ME/CFS is not just being really tired

Last month I posted a link to Pamela Weintraub's article about why recent research on ME/CFS is bogus. The study found that experiencing sexual abuse in childhood puts one at greater risk for ME/CFS. Weintraub argued that the methodology was highly flawed, and that the study was part of an ongoing effort on the part of CDC to misclassify ME/CFS as a psychological disorder.

In response, a commenter pointed out:
It should be kept in mind, however, that it is well possible there is a link between trauma and CFS/ME - and it does not in any way indicate that the illness is psychiatric or psychosomatic in origin (or that it could be treated with psychotherapy), even though that's what the media often makes out of it. It's well-known that in lab animals trauma early in their life causes irrepairable damage to the HPA axis.
This is a reasonable argument, and it's true. Stressors do affect the immune system, and exploring these kinds of mind/body connections doesn't necessarily imply that the resulting diseases are all in the patient's head.

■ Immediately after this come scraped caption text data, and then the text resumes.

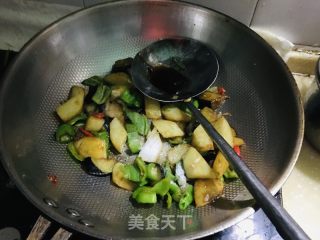 天三陈的做法步调：9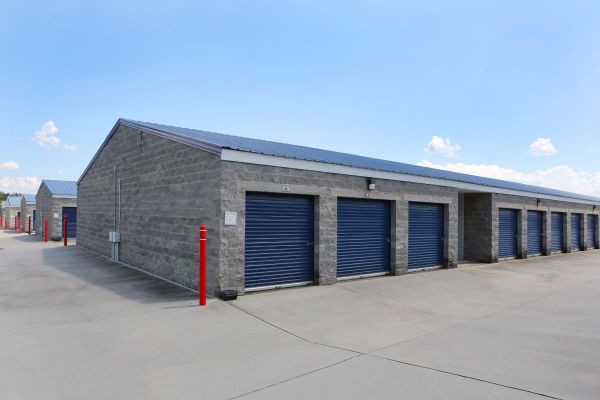 Midgard Self Storage - Columbia - 1195 Atlas Road - 1195 Atlas Road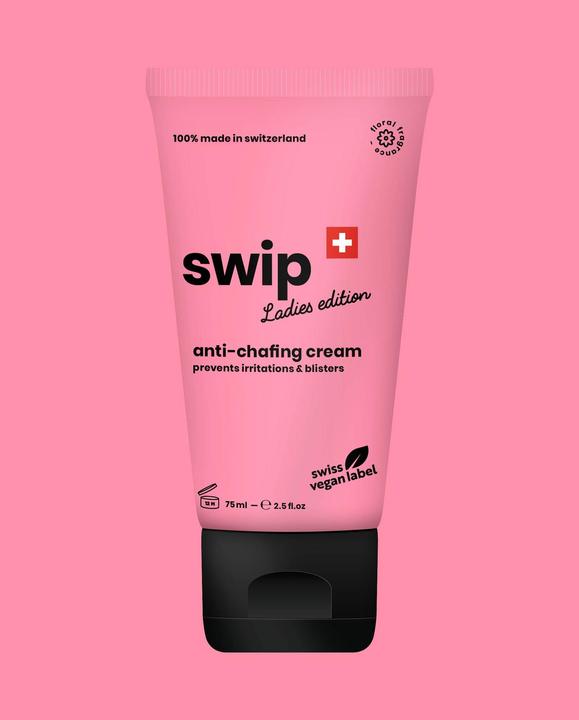Produktbild Swip Anti Chafing (Fusscrème & Fussgel, 75 ml)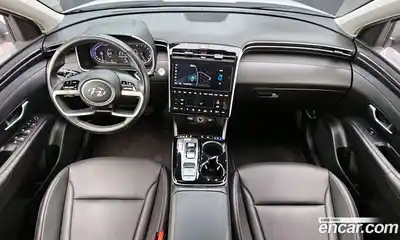 Hyundai Tucson 2023 1.6 Автомат в Москве № 2728, миниатюра 6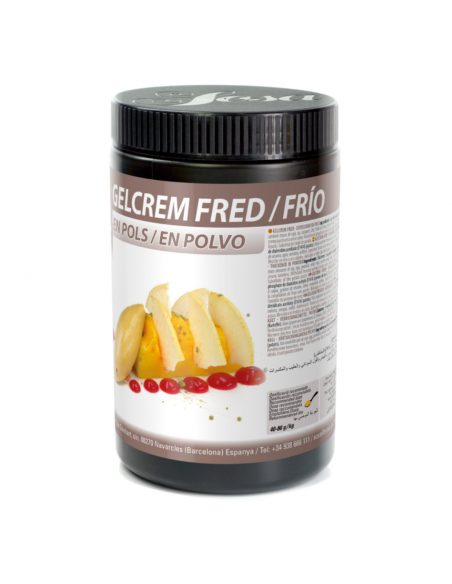 Gelcrem Frío. 500 Gr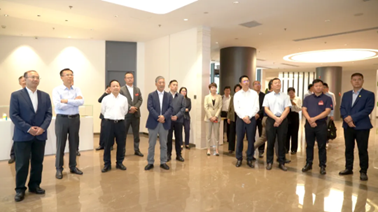 中国土木工程学会科普教育基地揭牌仪式在东方雨虹成功举行
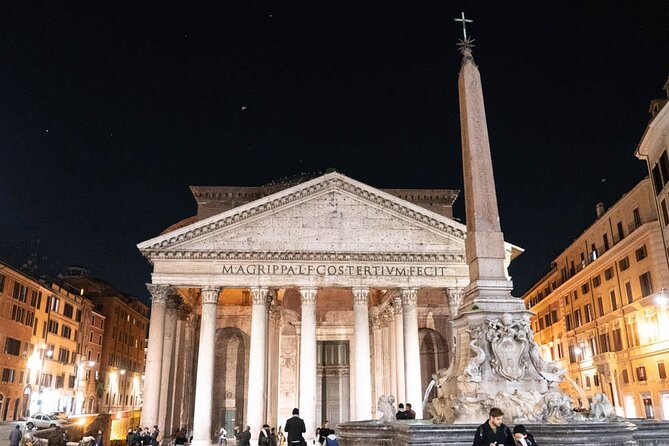 Half-Day Private Tour of Rome - Additional Details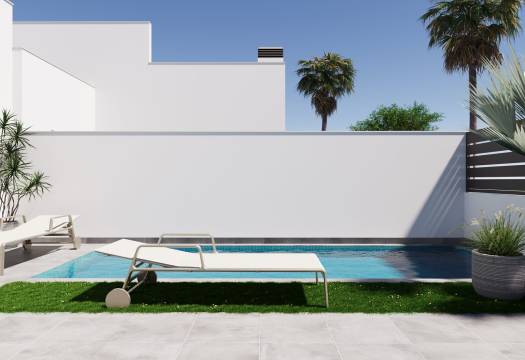 Obra Nueva - terraced - Torre-Pacheco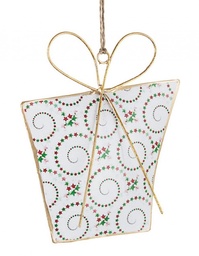 [S-B0933422] 12x Pendaglio Hermes Regalo Circle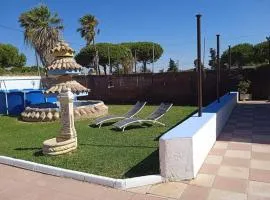 La fuente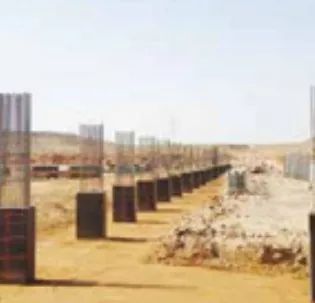 مشاريع سابقة متنوعة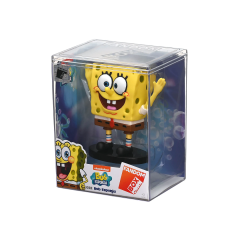 Boneco Fandom Box Infantil Bob Esponja - Líder - 3303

So what's the problem with this study, and others like it?

Many of the subjects don't actually have ME/CFS.

People with ME/CFS feel crushing fatigue, significant pain, and post-exertional malaise. The latter term means that any exertion -- even just walking to the bathroom and back -- causes them to feel much, much worse. The CDC's definition, however, only includes pain and post-exertional malaise as possible symptoms.

This is important. There are a lot of conditions that can make people feel chronically tired for a long time. One of them is clinical depression. If you're looking for the effects of childhood sexual abuse, and you include subjects who have clinical depression but not true ME/CFS, you're going to seriously skew your results.

It's not simply that they've funded a study focusing on a psychological cause. It's that they've extended the definition of ME/CFS to include people who might be suffering from clinical depression instead.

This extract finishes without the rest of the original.